Mais Ruth tient bon. Car pour elle, cette mission dépasse les difficultés : elle est devenue une vocation, une fierté, un héritage à transmettre.
Le rêve d’une petite fille devenu engagement
« J’ai voulu devenir écogarde pour avoir un vrai travail, pour ma fille. Quand j’étais petite, j’écoutais les anciens raconter des histoires sur l’éléphant. Ils disaient qu’il était gros comme une maison ! J’ai rêvé d’en voir un. Aujourd’hui, je les protège. »
Ruth veille, surveille, collecte les traces, identifie les signes de braconnage. Elle utilise un GPS, géolocalise les observations, envoie ses rapports. Son outil principal : la patience. Et son arme la plus précieuse : le dialogue.

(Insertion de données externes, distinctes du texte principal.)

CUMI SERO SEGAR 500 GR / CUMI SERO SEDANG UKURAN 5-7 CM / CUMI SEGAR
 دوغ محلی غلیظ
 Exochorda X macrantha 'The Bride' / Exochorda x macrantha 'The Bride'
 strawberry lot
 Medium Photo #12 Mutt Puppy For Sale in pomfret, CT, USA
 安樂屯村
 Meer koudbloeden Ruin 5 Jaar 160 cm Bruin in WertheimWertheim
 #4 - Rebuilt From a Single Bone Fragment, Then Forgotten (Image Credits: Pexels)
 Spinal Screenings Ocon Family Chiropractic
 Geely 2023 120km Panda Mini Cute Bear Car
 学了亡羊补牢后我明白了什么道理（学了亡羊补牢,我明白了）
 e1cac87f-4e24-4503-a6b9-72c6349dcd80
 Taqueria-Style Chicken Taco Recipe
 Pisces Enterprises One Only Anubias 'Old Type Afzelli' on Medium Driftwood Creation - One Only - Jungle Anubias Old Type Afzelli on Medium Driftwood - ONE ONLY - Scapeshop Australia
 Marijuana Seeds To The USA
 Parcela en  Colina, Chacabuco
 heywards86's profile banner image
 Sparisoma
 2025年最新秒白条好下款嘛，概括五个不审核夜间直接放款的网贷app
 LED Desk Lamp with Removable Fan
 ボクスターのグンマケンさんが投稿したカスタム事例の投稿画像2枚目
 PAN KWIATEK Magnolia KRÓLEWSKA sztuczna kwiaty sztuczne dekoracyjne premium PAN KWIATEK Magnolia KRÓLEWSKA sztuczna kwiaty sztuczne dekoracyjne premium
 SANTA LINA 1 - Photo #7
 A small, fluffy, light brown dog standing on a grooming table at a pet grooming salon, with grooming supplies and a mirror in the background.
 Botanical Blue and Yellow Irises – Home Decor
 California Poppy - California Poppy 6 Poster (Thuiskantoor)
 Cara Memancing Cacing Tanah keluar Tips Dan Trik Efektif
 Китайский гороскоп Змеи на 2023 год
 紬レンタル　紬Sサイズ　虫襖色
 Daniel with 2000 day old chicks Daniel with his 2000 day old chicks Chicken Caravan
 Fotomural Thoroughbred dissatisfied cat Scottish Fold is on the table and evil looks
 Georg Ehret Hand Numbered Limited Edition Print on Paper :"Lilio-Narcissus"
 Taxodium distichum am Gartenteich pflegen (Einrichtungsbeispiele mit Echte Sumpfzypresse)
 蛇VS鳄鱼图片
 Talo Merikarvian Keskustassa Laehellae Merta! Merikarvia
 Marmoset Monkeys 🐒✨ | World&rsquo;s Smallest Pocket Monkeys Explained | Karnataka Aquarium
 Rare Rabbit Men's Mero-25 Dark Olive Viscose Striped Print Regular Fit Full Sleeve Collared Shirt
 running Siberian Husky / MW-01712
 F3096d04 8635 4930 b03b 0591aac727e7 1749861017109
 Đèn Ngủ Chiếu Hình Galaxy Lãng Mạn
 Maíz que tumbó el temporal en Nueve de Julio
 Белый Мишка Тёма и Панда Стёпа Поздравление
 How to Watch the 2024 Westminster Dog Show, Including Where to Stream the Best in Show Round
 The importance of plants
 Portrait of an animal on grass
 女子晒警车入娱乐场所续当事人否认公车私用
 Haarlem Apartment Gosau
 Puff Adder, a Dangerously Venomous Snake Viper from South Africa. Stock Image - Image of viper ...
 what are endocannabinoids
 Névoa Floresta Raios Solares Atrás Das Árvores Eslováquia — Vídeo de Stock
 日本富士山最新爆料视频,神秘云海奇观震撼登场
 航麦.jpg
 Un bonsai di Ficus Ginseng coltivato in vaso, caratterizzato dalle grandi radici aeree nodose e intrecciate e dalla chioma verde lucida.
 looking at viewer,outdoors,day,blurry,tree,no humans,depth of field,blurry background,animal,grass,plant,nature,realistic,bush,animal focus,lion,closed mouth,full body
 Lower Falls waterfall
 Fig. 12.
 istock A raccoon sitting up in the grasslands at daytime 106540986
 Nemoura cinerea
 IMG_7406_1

Dialoguer plutôt que combattre
Face aux pêcheurs ou chasseurs illégaux, Ruth privilégie l’échange. Elle questionne, explique, désamorce. Car bien souvent, les infractions sont liées à la pauvreté, à l’ignorance des règles ou au désespoir.
« Quand on tombe sur un campement illégal, ça se passe généralement bien. Mais il y a aussi des gens violents. Il faut gérer au cas par cas. »
Sa formation ne se limite pas à l’embuscade ou au camouflage. Elle a aussi appris à faire preuve d’écoute, de diplomatie, d’empathie.
Les écogardes, piliers silencieux de la biodiversité
Les écogardes assurent la surveillance d’environ 15 % des terres émergées de la planète et de 7 % des océans. Ils sont les sentinelles invisibles de la nature. Mais ils ne sont pas que des protecteurs d’animaux. Ce sont aussi des agents de changement social.
En percevant un revenu stable, Ruth sort sa famille de la précarité. En incarnant ce rôle avec détermination, elle devient un modèle pour les jeunes filles de son village. Et en s’épanouissant dans cette fonction, elle démontre que les femmes ont toute leur place dans la conservation.
Vers un avenir plus équitable pour la planète et les femmes
Aujourd’hui, seules 11 % des écogardes à travers le monde sont des femmes. C’est peu. Trop peu. Pourtant, leur rôle est crucial. Elles créent des ponts entre la nature et les populations. Elles bâtissent la paix, là où règnent parfois les conflits.
En soutenant des femmes comme Ruth, c’est toute une vision du monde que l’on fait grandir : un monde plus juste, plus respectueux, plus solidaire – où humains et nature peuvent enfin vivre en harmonie.